## Source records
=== Begin Enclosure ===

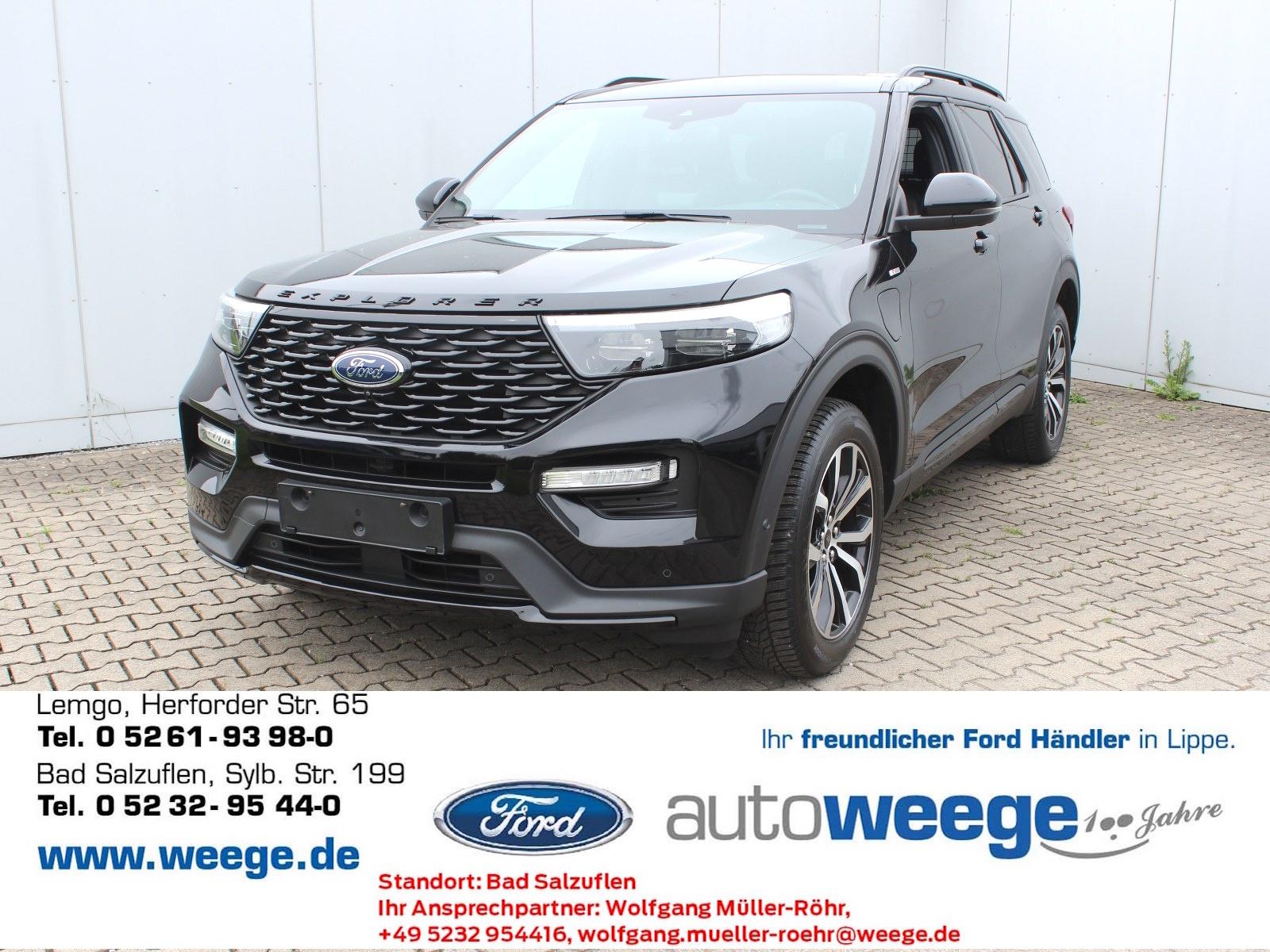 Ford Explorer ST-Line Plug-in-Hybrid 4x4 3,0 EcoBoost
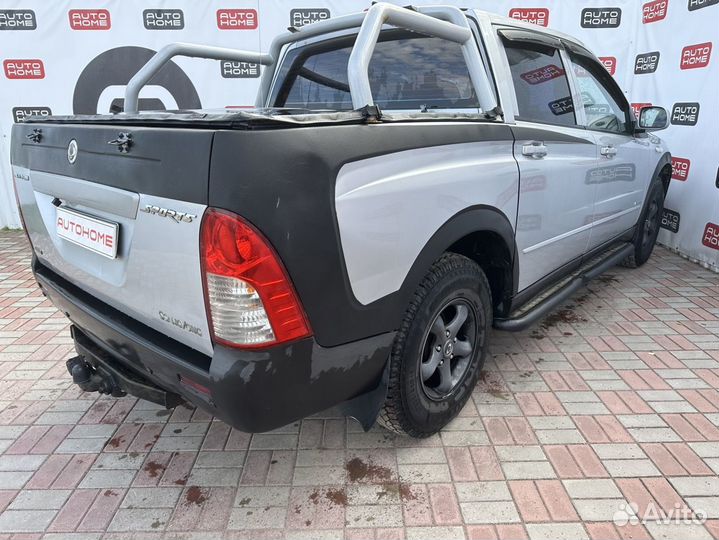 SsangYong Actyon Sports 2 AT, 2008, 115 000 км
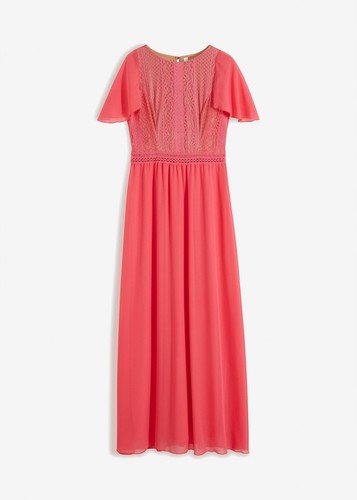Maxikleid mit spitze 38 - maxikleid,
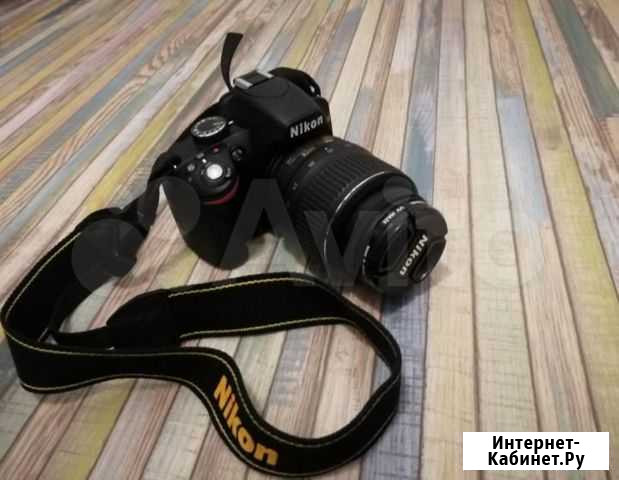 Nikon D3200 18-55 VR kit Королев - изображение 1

=== End Enclosure ===
=== Begin Enclosure ===

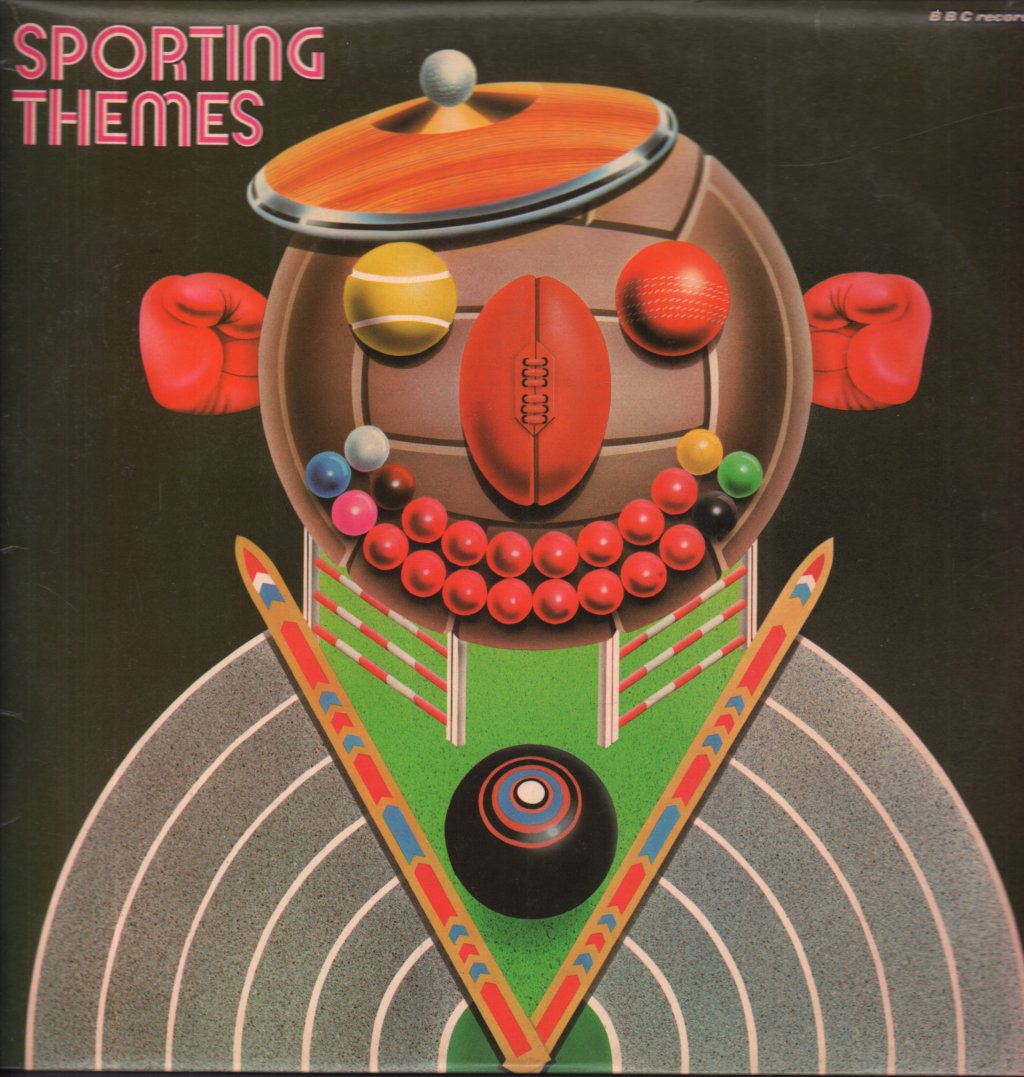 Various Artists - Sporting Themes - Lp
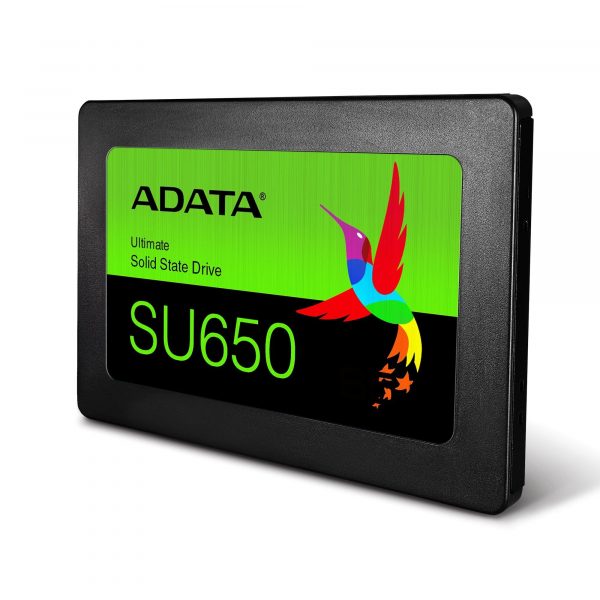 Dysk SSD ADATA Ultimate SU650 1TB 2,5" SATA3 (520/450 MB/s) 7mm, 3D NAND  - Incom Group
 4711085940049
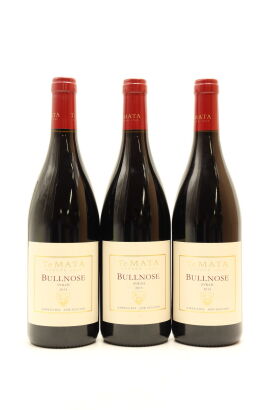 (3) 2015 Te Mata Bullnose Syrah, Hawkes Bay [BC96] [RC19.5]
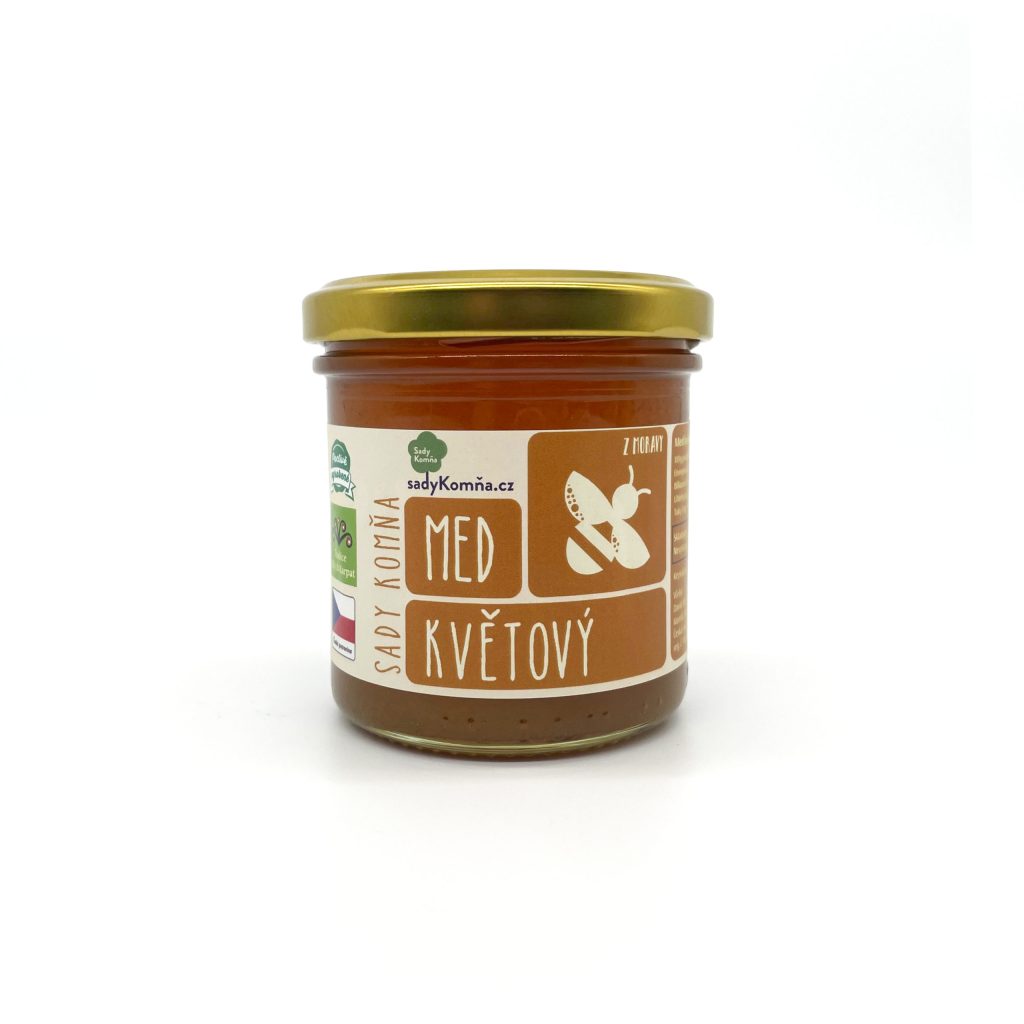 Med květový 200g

=== End Enclosure ===
=== Begin Enclosure ===

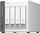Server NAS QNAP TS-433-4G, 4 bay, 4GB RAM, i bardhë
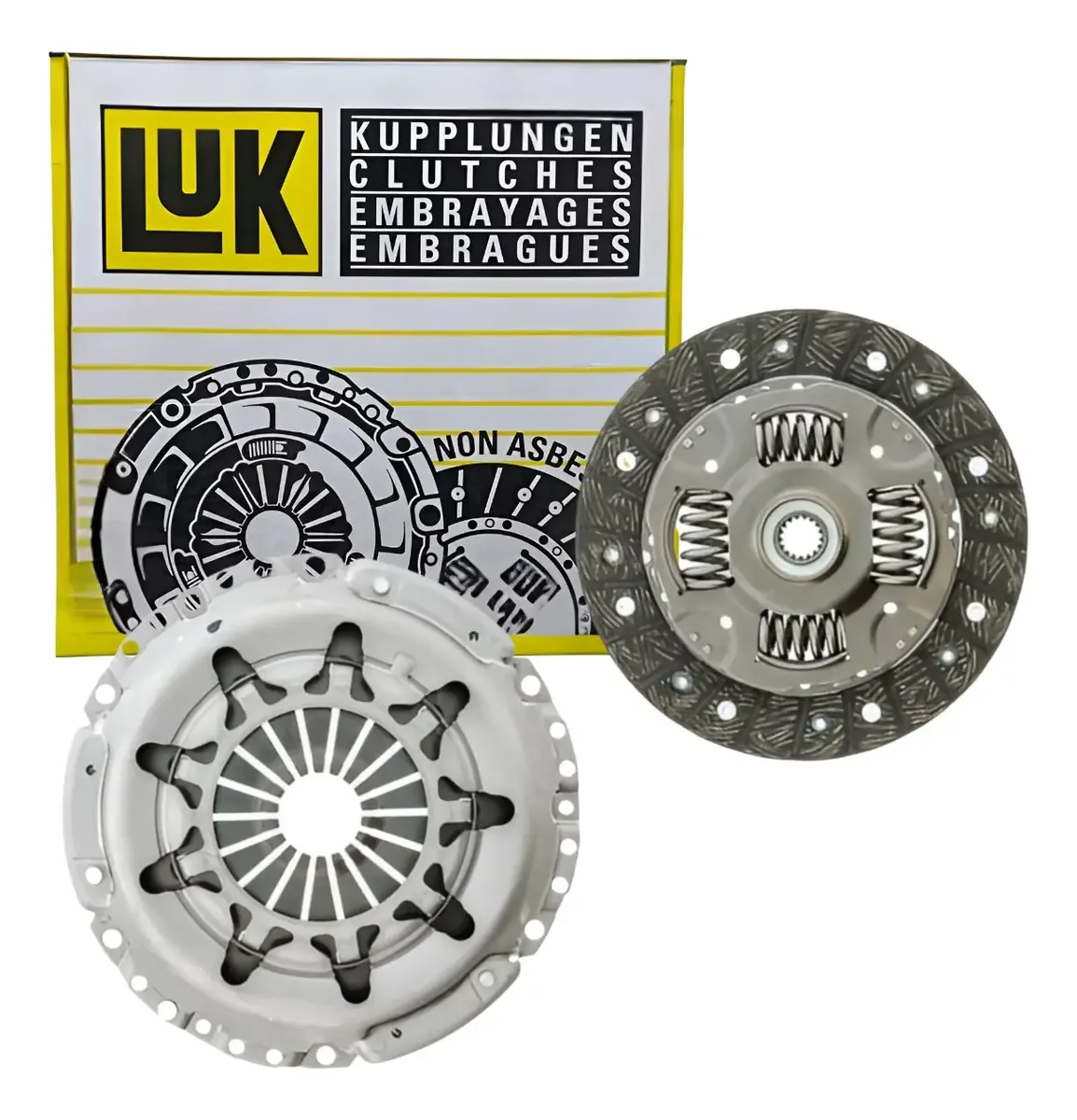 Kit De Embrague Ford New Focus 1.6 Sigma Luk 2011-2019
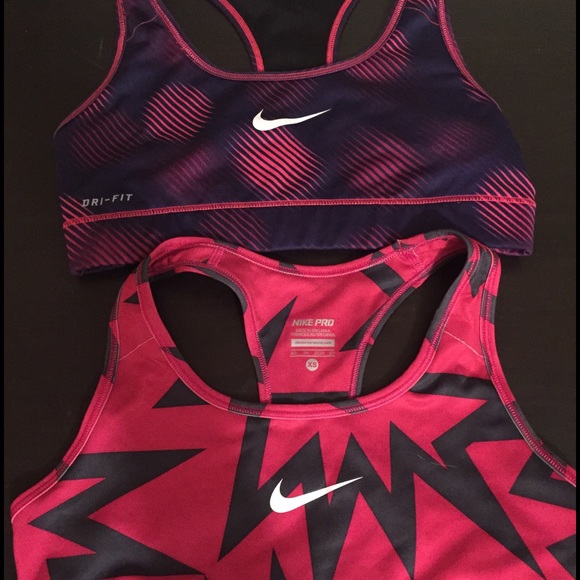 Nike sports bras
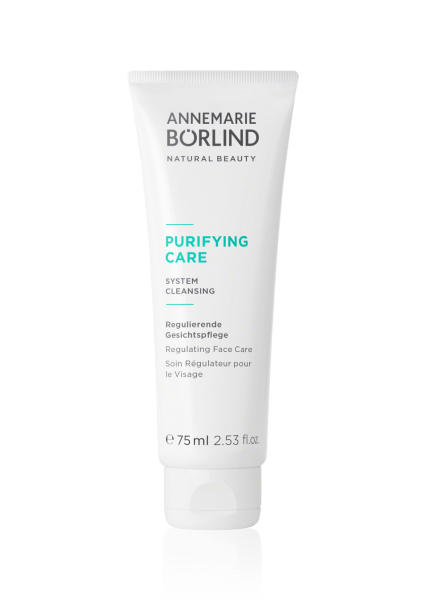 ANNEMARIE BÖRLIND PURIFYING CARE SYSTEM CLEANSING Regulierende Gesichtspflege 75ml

=== End Enclosure ===

## What you have to do
Exactly as written above, retype the lines starting at the one holding "Maxikleid mit spitze" and ending at the one holding "Nikon D3200 18-55", both included, but not the pictures.

## Solution to this problem
Maxikleid mit spitze 38 - maxikleid,
 Nikon D3200 18-55 VR kit Королев - изображение 1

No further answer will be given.